Looking back on my own first experience as a director, when my school music teacher had to take a term off for an operation and left me in charge of the choir and orchestra* aged 15, I had none of these, and I drowned. I don't think I even told may parents I was struggling. But, you know, the singers and instrumentalists continued to come along each week, and were generally cooperative. We made music, of a sort. It was possibly not as bad as it felt at the time.

When I started writing this post, I didn't have that memory to hand. It's not one I revisit very often (and in fact it's very fragmentary, I haven't retained much of that experience). So I hadn't anticipated that I was going to finish with the message that if you have a friend who has been thrown in the deep end of directing unexpectedly, make sure you are there for them.

Be a sounding board, so they can unload and work out how they feel about it, offer practical help so they don't have to do everything themselves. Get them through the first few crazy months in good order, and then they will both be ready to embrace some more structured training, and have a clearer idea of what kind of development they need.

*It was called orchestra. Instrumental ensemble would be more accurate. It was made up of orchestral instruments but not in a number or proportion that could perform anything actually written for orchestra, so our teacher arranged things for us.

It may seem screamingly obvious to the majority, but for the raw new director maybe not so: key to a successful rehearsal particularly when you're blinded by panic, is to have written yourself a plan. Warm up, part one of the session - what song/s you want to work on. No more than 2/3 main points you want to iron out, any notices for tea break, part two - songs and objectives and then some fun stuff to relieve the tension and send them home thinking they had a good time. As my chorus is made up from a lot of `part-timers`I find that many of them lack the personal drive of their full time UK `cousins`so progress is gentler but without a plan would be hopeless. Sylvy x

It never does any harm to state the screamingly obvious, Sylvy. Not least because what is obvious to one person is a revelation to another.

(This is also why having conversations about stuff is useful...)

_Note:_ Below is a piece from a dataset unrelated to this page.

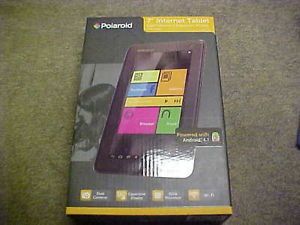 Polaroid 7" Internet Tablet Dual Camera PMID706 bgl with Stand New Android 4 1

Thanks for this blog Liz! This might have been written for me! It was exactly what happened to me 2 1/2 years ago when I was catapulted from the back row of the altos to stand in front of the choir.
I still feel very much a novice today and was mildly reprimanded by my choir the other week when I said that I did not feel I was a "proper" MD yet, because I did not have a background in music or teaching.
What I really meant was that I still feel very much a novice and was surprised when a more experienced music teacher MD conducted my choir for a couple of pieces in a joint concert and told them exactly the same things which I had been saying to them in rehearsal.
It proved that I did know what I was talking about and I don't know why I was so surprised! Before I retired I did work in a management, leadership and coaching role and although it was not teaching as such, I find myself applying to the choir all the time the leadership principles I applied when at work.
I think the right thing for me as a new MD was to get about 9 months' experience, all of which felt as if I was making it up as I went along, and then I went on an ABCD one day beginner's course.
ABCD has given me a lot of support since then. I thought it was probably only for swanky conductors of posh, really good semi professional choirs but it does accommodate people like me whose local community choirs are generally of more mature years, and largely non music readers.
I also used as a mentor a more experienced friend who conducted another choir in which I sang and my singing teacher was also a useful mentor.
The important thing is not to struggle on alone and to get your choir and especially the committee on side.

There's a really interesting point in there about self-identity, Lynne, and what it takes to feel like a 'proper' director. I have been having some interesting conversations about imposter syndrome recently, and your account really resonates with them. I shall have a mull on that.

And thank you for confirming that it's really normal to have this experience. That's possibly the thing someone newly thrown into the role most needs to know.